Furthermore, teachers should keep their online instructions simple, precise, and short. Videoconferencing and video instructions are more effective than text instructions.
6. Be well prepared
Ensure that you’ve everything and access all the tools and technology you need to continue teaching from home in case you aren’t able to return to school or bring your school computer and files to your home. Make sure all the files are backed up in the cloud.
7. Establish daily schedules
When it comes to online learning, expectations should be clear both for teachers and students when they log in. Spending a full workday in front of a computer can be overwhelming for a lot of students and teachers.

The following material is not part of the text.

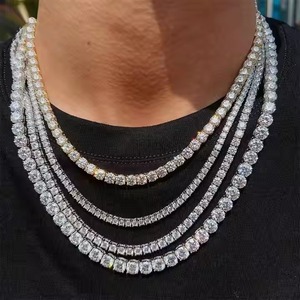 Latest Round Shape Moissanite Diamond Cuban Link Chain Stylish <b>Silver</b> Iced Out Hip Hop Fashion <b>Necklaces</b> for Wedding Gift India - Product Image 5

To make online learning more enjoyable and purposeful, many schools are opting for two check-in times: one in the morning and one in the afternoon. They’re also allowing families the flexibility to organize their at-home school schedules.
8. Provide robust learning
In such extreme circumstances, teachers can be tempted to upload worksheets and quizzes for students to complete and return. But, it is important to stress that online earning during a lockdown, particularly during extended closures needs to be engaging to some extent, if not more, to the classroom experience. Or else, the students will suffer. Teachers should be reminded that online learning can never be an excuse to keep students busy by assigning them homework, but they should work on how to make learning more to attain the objectives.
9. Develop independent learning methods
Teachers should assign worksheets or classwork that the students can do by working on their own. Teachers should keep in mind that the student’s parents may be working outside or busy working from home, and they can’t offer much help to their kids with their school lessons.
10. Address emotional issues
Teachers should check it with their coworkers and students and coworkers, and address any feelings of anxiety, especially those who aren’t very familiar or comfortable enough with digital learning tools. Make time to socialize at least virtually, and ask them they need any assistance.